Camille O’Sullivan bei der jazzopen Stuttgart 2019

Camille O’Sullivan – vocals
Feargal Murray – piano
Paul Byrne – drums
Steven Fraser – guitar

Stuttgart, 11.7.2019

Ein ergreifendes Konzertereignis

Die diesjährigen Stuttgarter jazzopen boten eine ungewöhnliche Vielzahl weiblicher Sängerinnen; und als im BIX die irische Sängerin Camille O´Sullivan auftrat, kam eine ganz eigene Stilrichtung auf die Bühne, die vollkommen unverwechselbar und authentisch klang. Begleitet von Feargal Murray am Piano, von Paul Byrne am Schlagzeug und von Steven Fraser an der Gitarre war die 44jährige Künstlerin als „Gänsehaut erzeugend“ angekündigt worden. Um es vorweg zu nehmen: dieser Anspruch wurde voll und ganz erfüllt!

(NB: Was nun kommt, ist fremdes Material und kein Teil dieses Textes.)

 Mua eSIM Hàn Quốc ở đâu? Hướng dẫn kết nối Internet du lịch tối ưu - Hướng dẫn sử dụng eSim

Die Tochter eines irischen Rennfahrers und einer französischen Künstlerin hat ihre musikalischen Wurzeln im Interesse für Hanns Eissler und Kurt Weil und feierte ihre ersten Erfolge mit Interpretationen von Jacques Brel.

Für den Abend im BIX hatte sie jedoch Lieder von Bob Dylan, Nick Cave, David Bowie und Leonard Cohen dabei. Camille O´Sullivan steht nicht ruhig auf der Bühne und trägt Lieder vor, nein, sie inszeniert sie, erleidet sie und gibt dabei alles: sie flüstert, haucht, schreit, jammert und tobt und sie bringt dadurch die Inhalte der Songs auf eine atemberaubende Weise ans Publikum heran, dass niemand unberührt bleibt. Die Palette bietet alles von unbegleitetem Gesang in „Port of Amsterdam“ bis zu lauten Rockpassagen in „Don´t think twice„. Sie verausgabt sich dabei so sehr, dass sie am Ende der Show außer Atem, zerzaust und mit verlaufener Schminke dasteht. Wenn man sich die Reihe der Komponisten ansieht, dann wird auch deutlich, dass es sich bei den Liedern nicht um leichte Kost handeln kann: teilweise sehr düster und abgründig, wobei Camille O´Sullivan die jeweiligen Inhalte mit ihrer Interpretation sehr genau traf und immer absolut authentisch wirkte.

Ein sehr spezielles und ergreifendes Konzertereignis, das unter die Haut ging – für Menschen, die zu Depressionen neigen, eher nicht zu empfehlen.